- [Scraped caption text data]
● ● ● ● ● ● ●
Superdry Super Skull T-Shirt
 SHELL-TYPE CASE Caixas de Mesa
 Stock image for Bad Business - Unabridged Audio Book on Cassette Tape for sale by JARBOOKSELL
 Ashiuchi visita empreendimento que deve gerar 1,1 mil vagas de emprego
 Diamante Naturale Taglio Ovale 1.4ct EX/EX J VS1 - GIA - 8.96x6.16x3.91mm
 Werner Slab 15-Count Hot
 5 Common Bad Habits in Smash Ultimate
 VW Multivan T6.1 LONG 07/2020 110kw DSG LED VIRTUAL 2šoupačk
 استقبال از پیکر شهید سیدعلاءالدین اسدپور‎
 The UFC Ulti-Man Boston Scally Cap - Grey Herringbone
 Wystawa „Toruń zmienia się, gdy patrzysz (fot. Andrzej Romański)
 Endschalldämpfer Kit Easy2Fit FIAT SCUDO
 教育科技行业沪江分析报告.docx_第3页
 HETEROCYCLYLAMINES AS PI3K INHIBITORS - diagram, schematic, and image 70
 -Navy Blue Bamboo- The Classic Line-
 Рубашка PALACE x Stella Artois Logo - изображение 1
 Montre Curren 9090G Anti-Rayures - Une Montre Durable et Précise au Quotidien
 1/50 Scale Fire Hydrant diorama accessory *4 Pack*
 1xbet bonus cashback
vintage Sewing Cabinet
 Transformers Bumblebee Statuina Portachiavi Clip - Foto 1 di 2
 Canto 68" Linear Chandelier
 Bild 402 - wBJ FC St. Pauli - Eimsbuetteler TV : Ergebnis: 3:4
● ● ● ● ● ● ●
- [WORK REQUIRED] After reading the data above, return it verbatim in full.

- [RESULT FOR THIS TASK]
Superdry Super Skull T-Shirt
 SHELL-TYPE CASE Caixas de Mesa
 Stock image for Bad Business - Unabridged Audio Book on Cassette Tape for sale by JARBOOKSELL
 Ashiuchi visita empreendimento que deve gerar 1,1 mil vagas de emprego
 Diamante Naturale Taglio Ovale 1.4ct EX/EX J VS1 - GIA - 8.96x6.16x3.91mm
 Werner Slab 15-Count Hot
 5 Common Bad Habits in Smash Ultimate
 VW Multivan T6.1 LONG 07/2020 110kw DSG LED VIRTUAL 2šoupačk
 استقبال از پیکر شهید سیدعلاءالدین اسدپور‎
 The UFC Ulti-Man Boston Scally Cap - Grey Herringbone
 Wystawa „Toruń zmienia się, gdy patrzysz (fot. Andrzej Romański)
 Endschalldämpfer Kit Easy2Fit FIAT SCUDO
 教育科技行业沪江分析报告.docx_第3页
 HETEROCYCLYLAMINES AS PI3K INHIBITORS - diagram, schematic, and image 70
 -Navy Blue Bamboo- The Classic Line-
 Рубашка PALACE x Stella Artois Logo - изображение 1
 Montre Curren 9090G Anti-Rayures - Une Montre Durable et Précise au Quotidien
 1/50 Scale Fire Hydrant diorama accessory *4 Pack*
 1xbet bonus cashback
vintage Sewing Cabinet
 Transformers Bumblebee Statuina Portachiavi Clip - Foto 1 di 2
 Canto 68" Linear Chandelier
 Bild 402 - wBJ FC St. Pauli - Eimsbuetteler TV : Ergebnis: 3:4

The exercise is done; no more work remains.